The day is celebrated as a public holiday in six German states (and two other regions) on Thursday. We explain its origins and how it's observed.

A music band marches in the Corpus Christi procession in Seehausen am Staffelsee, Bavaria, in 2018.
A music band marches in the Corpus Christi procession in Seehausen am Staffelsee, Bavaria, in 2018. Photo: picture alliance / Matthias Balk/dpa | Matthias Balk

Thursday June 16th 2022 marks the Catholic holiday of Fronleichnam, known sometimes as Prangertag or Blutstag. In English the simplified Latin term, Corpus Christi, or the Feast of the Body of Christ, is used. 

Where and how is it celebrated in Germany?

The day is celebrated internationally on the Thursday after Trinity Sunday. 

It’s mostly celebrated where it is also a public holiday: the predominantly Catholic, southwestern states of Baden-Württemberg and Bavaria, as well as the western states of Hesse, North Rhine-Westphalia, Rhineland-Palatinate and Saarland.

Basically you’ll have the day off work if you live in a part of Germany where Martin Luther didn’t have an upper hand. 

READ ALSO: How you can make the most of German public holidays in 2022

However, the holiday is also celebrated in other parts of Germany, such as in Sorbian communities. The West Slavic ethnic group lives in the eastern states of Brandenburg and Saxony, and the majority are Roman Catholics. 

Celebrations of the holiday include a Holy Mass with the Eucharist, followed by a Fronleichnamsprozession (a Fronleichnam procession) led by a local Priest, during which praying and singing takes place.

Archive photos shows the inside of a Catholic Church during a Fronleichnam Mass in Crostwitz, Saxony. The holiday is also celebrated in 26 communities in the eastern State, including in this Sorbian community. Photo: DPA

This and the following barbecue is considered the Fronleichnamsfest (which is pronounced like froon-laich-naams-fest) and it greatly varies in size from town to town. 

In Fritzlar in northern Hesse, the celebrations usually start on Wednesday night with the so-called Katzenkoppschießen. During this ceremony, the eight bells of the town cathedral are rung and a canon is fired, a ritual that is repeated three times.

In Cologne, there is usually a procession involving over 100 ships, while in Bamberg 18 men carry a huge cross through the town.

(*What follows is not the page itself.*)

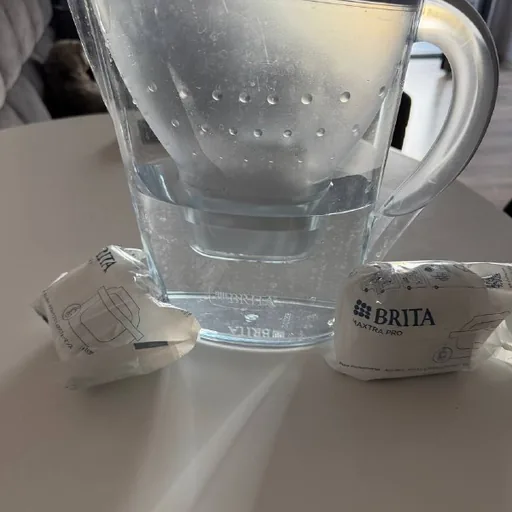 Новый фильтр для воды + 2 картриджа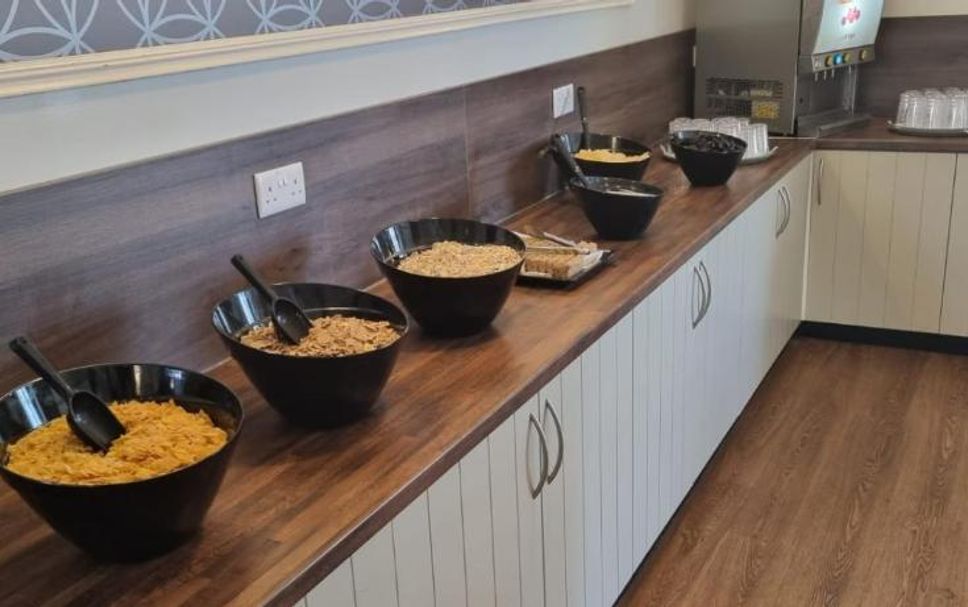 Buffet Photo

The parades are often highly decorated with ornate floral images with motives from the Bible. People who celebrate it usually decorate their houses with similarly elaborate designs and symbols, such as a Biblical fish.

What are its origins?

The word itself comes from the Middle-High German term vrône lîcham, meaning “Body of the Lord”. The term comes from the words vrôn (meaning “what concerns the Lord”) and lîcham (meaning body).

The variations of the word Fronleichnam also have their origins. Blutstag is comprised of the words “Blut” (meaning blood) and “Tag” (meaning day), so it literally means “Blood Day”. This makes sense as it celebrates the blood of Christ.

Prangertag, on the other hand, is a little more strange.

Pranger” means pillory, which is a wooden framework with holes for the head and hands, and was used to imprison offenders during Medieval times. 

However, “Pranger” in this case supposedly does not mean an ancient torture device. It is said to reference the thought that “die Natur prangert in ihrem herrlichsten Kleid” (nature denounces in her beautiful dress).

The only sense that can be made of this is that nature can be quite beautiful around this time of year.

A Fronleichnamsprozession led by a priest in Crostwitz, Saxony. Photo: DPA

But what actually is Fronleichnam?

Fronleichnam is the liturgical solemnity celebrating the presence of the blood and body of Jesus Christ in the elements of the Eucharist.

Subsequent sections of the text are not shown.